Getting To Native Code

Suppose I wanted to, say, write glibc for LLVM (fat chance! :slight_smile: I would need at some point to write (hopefully a small amount) of native code to, say, access specific registers, handle interrupts, or generate operating system traps.

Is my finding correct or can this be done currently with LLVM in some way I haven’t found?

What is the alternative? Write a library function in C and have it called by LLVM?

The reason I’m asking is that I’d like as much code as possible to be open to optimization by LLVM. If the core of my runtime library can’t be expressed in LLVM then it can’t be optimized by it either. Ideally, everything except the glue for system traps, interrupts and the like should be expressible in LLVIS.

Reid Spencer wrote:

Suppose I wanted to, say, write glibc for LLVM (fat chance! :slight_smile: I would need at some point to write (hopefully a small amount) of native code to, say, access specific registers, handle interrupts, or generate operating system traps.

  Funny you should mention that; getting a C library compiled to LLVM code is one of the tasks on my plate. :slight_smile:

From my (somewhat cursory) review of AsmParser, it seems like this can't be done with LLVM right now. There is nothing in AsmParser or the rest of LLVM that would allow native assembly instructions to be passed through to the back end.

Is my finding correct or can this be done currently with LLVM in some way I haven't found?

  You are correct that the LLVM assembly language cannot accept native assembly instructions or access machine specific features directly. However, there is hope:

  Long term, one of our projects is to port the Linux kernel to LLVM. This project has the same problem that you have encountered; how to access machine specific services.

  Our current plan is to add a set of intrinsic functions that will give us access to the hardware facilities that we need. For example, we will probably have an intrinsic that registers a function as a system call handler, another intrinsic that performs I/O, another intrinsic that tells us what hardware is connected to the machine, etc, etc.

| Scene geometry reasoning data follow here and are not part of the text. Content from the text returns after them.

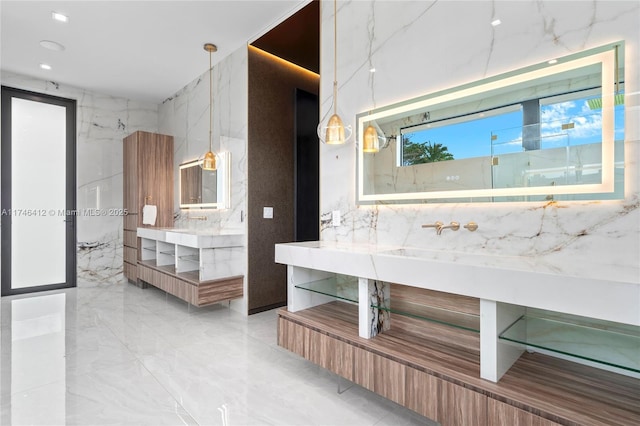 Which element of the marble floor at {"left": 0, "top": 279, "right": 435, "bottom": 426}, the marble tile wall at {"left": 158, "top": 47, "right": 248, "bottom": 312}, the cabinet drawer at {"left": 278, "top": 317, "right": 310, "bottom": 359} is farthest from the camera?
the marble tile wall at {"left": 158, "top": 47, "right": 248, "bottom": 312}

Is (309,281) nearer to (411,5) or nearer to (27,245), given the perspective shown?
(411,5)

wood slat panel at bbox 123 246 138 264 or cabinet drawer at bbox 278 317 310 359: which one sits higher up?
wood slat panel at bbox 123 246 138 264

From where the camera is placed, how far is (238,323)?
3.49 metres

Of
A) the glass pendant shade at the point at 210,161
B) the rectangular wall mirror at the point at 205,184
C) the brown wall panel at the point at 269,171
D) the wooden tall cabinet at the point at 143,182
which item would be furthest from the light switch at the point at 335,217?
the wooden tall cabinet at the point at 143,182

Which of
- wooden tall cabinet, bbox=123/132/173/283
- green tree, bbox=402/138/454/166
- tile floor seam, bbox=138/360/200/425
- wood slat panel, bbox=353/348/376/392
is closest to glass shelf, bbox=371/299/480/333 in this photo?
wood slat panel, bbox=353/348/376/392

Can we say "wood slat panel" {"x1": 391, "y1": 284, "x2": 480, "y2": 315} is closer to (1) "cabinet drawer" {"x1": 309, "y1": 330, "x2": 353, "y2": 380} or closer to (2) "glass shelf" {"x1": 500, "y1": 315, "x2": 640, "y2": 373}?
(2) "glass shelf" {"x1": 500, "y1": 315, "x2": 640, "y2": 373}

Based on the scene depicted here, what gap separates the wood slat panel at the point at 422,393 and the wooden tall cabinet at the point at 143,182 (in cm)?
445

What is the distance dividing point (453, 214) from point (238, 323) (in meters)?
2.50

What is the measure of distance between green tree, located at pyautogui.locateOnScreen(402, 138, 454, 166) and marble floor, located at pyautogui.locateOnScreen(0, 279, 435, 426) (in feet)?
4.81

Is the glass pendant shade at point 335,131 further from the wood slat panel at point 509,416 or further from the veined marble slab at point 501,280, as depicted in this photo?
the wood slat panel at point 509,416

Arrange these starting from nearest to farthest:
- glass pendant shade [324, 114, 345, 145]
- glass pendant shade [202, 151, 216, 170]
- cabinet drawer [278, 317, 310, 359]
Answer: cabinet drawer [278, 317, 310, 359]
glass pendant shade [324, 114, 345, 145]
glass pendant shade [202, 151, 216, 170]

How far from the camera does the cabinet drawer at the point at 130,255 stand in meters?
4.99

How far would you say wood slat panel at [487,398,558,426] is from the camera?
1222 millimetres

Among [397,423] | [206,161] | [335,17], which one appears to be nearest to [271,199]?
[206,161] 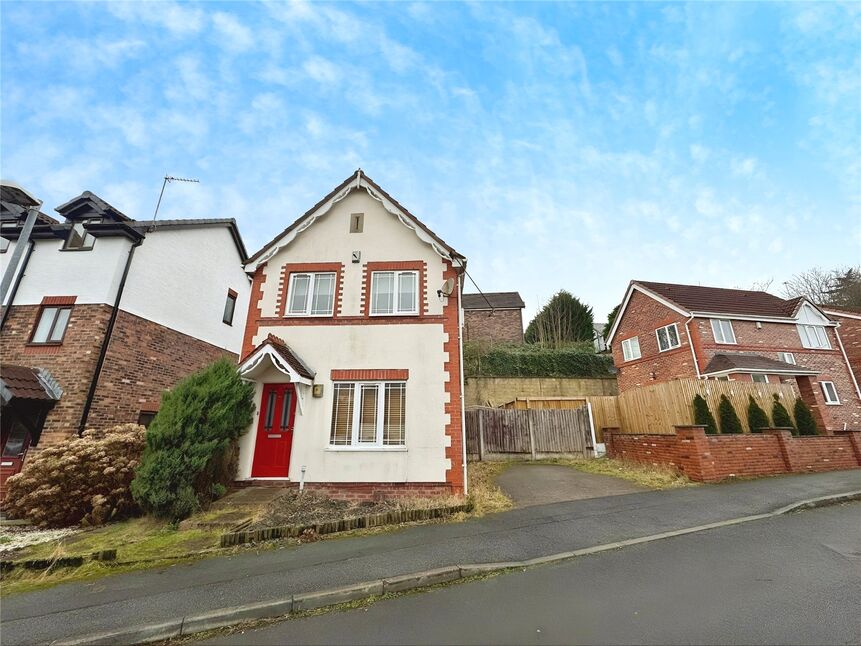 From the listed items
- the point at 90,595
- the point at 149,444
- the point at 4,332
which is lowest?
the point at 90,595

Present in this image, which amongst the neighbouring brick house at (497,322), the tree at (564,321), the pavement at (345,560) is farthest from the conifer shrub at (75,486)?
the tree at (564,321)

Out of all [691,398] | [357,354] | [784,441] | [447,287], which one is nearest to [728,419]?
[691,398]

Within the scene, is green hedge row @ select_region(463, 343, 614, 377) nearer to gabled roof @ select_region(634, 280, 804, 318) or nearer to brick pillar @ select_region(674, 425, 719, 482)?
gabled roof @ select_region(634, 280, 804, 318)

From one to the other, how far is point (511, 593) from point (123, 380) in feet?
44.0

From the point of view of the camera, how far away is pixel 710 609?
407cm

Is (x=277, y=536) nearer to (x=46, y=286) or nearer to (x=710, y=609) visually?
(x=710, y=609)

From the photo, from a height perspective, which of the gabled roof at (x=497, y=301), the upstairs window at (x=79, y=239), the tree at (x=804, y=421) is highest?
the gabled roof at (x=497, y=301)

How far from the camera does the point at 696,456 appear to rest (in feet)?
33.4

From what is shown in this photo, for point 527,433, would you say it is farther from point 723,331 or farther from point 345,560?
point 723,331

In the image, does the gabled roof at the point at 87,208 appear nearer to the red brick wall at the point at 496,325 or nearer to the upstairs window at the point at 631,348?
the red brick wall at the point at 496,325

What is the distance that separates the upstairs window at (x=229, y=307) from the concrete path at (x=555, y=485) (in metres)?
14.2

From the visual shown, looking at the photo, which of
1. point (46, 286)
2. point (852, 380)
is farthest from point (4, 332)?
point (852, 380)

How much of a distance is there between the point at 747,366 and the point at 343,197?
69.4ft

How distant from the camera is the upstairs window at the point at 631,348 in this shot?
25.2m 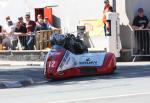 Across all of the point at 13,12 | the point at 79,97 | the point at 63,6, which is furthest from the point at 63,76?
the point at 13,12

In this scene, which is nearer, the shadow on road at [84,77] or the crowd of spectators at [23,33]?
the shadow on road at [84,77]

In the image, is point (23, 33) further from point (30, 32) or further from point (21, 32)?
point (30, 32)

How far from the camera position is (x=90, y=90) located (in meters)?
15.0

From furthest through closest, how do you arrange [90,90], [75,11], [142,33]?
[75,11] < [142,33] < [90,90]

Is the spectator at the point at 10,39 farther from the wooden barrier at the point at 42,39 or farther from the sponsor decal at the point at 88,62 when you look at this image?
the sponsor decal at the point at 88,62

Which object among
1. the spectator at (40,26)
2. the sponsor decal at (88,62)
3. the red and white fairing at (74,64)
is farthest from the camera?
the spectator at (40,26)

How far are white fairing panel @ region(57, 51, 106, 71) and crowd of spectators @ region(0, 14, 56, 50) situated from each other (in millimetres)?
7394

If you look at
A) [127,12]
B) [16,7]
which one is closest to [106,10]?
[127,12]

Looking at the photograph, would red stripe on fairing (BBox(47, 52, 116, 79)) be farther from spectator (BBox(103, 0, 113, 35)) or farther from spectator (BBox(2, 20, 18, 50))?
spectator (BBox(2, 20, 18, 50))

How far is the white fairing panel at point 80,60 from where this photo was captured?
58.3ft

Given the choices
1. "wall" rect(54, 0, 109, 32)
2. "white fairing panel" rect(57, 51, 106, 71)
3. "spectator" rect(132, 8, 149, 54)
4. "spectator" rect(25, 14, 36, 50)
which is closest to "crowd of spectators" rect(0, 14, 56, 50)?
"spectator" rect(25, 14, 36, 50)

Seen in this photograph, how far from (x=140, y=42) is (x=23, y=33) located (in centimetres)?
534

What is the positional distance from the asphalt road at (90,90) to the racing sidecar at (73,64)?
0.22 meters

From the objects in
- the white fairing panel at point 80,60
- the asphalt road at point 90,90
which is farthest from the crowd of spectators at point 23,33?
the white fairing panel at point 80,60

  In this way, the actual hardware can be abstracted away so that LLVM bytecode programs don't need to know about it. All they see is a set of intrinsic functions for the particular piece of hardware/OS upon which they run.

  Please note that the Linux kernel project is still in its infancy and won't be done for awhile. :slight_smile:

  In the meantime, there are still things you can do. Please see below...

What is the alternative? Write a library function in C and have it called by LLVM?

  First, I should probably mention that an LLVM program has access to just about all OS services offered to a regular native code program. This is because undefined symbols in an LLVM program are resolved when it is generated to native code.

  Specifically, if you JIT a program using lli, the JIT looks the symbol up in its own address space. That is how LLVM programs find the system calls and other library functions that are not compiled to LLVM bytecode.

  For native code, the symbols are resolved at native code link time (i.e. you run llc on the bytecode and then assemble it and link it).

  For writing code that does special stuff (accesses machine registers, etc), there are several alternatives:

  1) As you suggested, you could write a library in C and compile it to native code. You would then be able to link this library with LLVM code (either by loading it into the JIT with -load or by using llc to generate native code and linking to your library).

  2) You could add an intrinsic for it. I'd only recommend this if it's something that would be useful as a generic primitive; an intrinsic to read performance registers would be okay; an intrinsic for creating prime numbers would not.

The reason I'm asking is that I'd like as much code as possible to be open to optimization by LLVM. If the core of my runtime library can't be expressed in LLVM then it can't be optimized by it either. Ideally, everything except the glue for system traps, interrupts and the like should be expressible in LLVIS.

  That is where we are headed; we just have a way to go before we're there.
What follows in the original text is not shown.